エアアジアやジェットスターなどの黒船LCCが続々と日本に上陸した。海外で成功したLCCモデルを引っ提げてきたものの、想定外の難航に悪戦苦闘している。異国での格安短距離線、異国をつなぐ格安中長距離線には、それまでの成功体験が通じない。(ダイヤモンド編集部 柳澤里佳)
「あれはナイトメア(悪夢)だった」──。アジア最大規模のLCCであるエアアジアグループのCEO、トニー・フェルナンデスはエアアジア・ジャパンを発足した8年前をこう振り返る。
エアアジアは2001年にマレーシアで2機の飛行機で創業し、格安運賃が支持されて急成長。10年に羽田~クアラルンプール線を乗り入れて以降、本格的な日本参入を探っていた。そこで出合ったのがパートナーとなるANAホールディングス(HD)だった。
ANAHDは当時、規制緩和による外資LCCの参入に焦っていた。外資に格安運賃で市場を荒らされるくらいなら、抱き込んでしまおう──。そんな思惑があったのだろう。ライバルの日本航空(JAL)も豪州のLCC大手ジェットスターと提携交渉していた。
ANAHDが67%、エアアジアが33%を出資して11年にエアアジア・ジャパンが設立された。翌年に成田空港を拠点に運航を開始。が、その経営は誤算だらけだった。

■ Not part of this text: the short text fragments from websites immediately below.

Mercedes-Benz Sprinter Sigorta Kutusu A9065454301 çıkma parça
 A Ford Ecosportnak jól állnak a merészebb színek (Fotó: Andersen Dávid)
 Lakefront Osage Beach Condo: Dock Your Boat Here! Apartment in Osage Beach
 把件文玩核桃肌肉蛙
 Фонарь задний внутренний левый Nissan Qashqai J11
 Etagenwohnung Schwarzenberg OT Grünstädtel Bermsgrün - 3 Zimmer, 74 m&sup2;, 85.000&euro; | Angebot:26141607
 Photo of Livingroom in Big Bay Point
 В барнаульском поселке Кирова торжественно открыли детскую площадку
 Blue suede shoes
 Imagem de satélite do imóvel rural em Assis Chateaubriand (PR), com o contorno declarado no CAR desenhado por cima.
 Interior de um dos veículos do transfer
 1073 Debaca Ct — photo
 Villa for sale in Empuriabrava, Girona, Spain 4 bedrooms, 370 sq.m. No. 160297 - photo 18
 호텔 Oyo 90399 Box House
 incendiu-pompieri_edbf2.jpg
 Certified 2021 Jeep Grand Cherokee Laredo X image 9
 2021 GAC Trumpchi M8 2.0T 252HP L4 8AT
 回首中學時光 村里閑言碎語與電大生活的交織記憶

例えば販売方針。自社ウェブサイトによる直接予約を据えたが、サイトが使いにくかったせいもあり、日本の利用者に受け入れられなかった。搭乗率は上がらず、業を煮やしたANA側が旅行会社に航空券を卸し始めると、エアアジア側は「販売手数料が掛かる」と反発。真っ向対立を繰り返した。